** Opening Given information block **

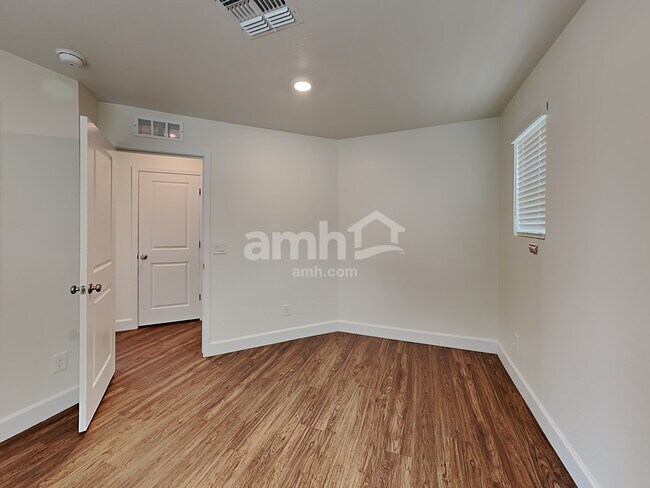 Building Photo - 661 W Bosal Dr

** Closing Given information block **
** Opening Given information block **

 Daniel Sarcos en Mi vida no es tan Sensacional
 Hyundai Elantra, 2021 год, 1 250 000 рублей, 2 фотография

** Closing Given information block **

Working from the data above, extract solely the lines from the one containing "Daniel Sarcos en" through the one containing "Hyundai Elantra, 2021", exactly as they appear, both included.

§ **Expected output**
 Daniel Sarcos en Mi vida no es tan Sensacional
 Hyundai Elantra, 2021 год, 1 250 000 рублей, 2 фотография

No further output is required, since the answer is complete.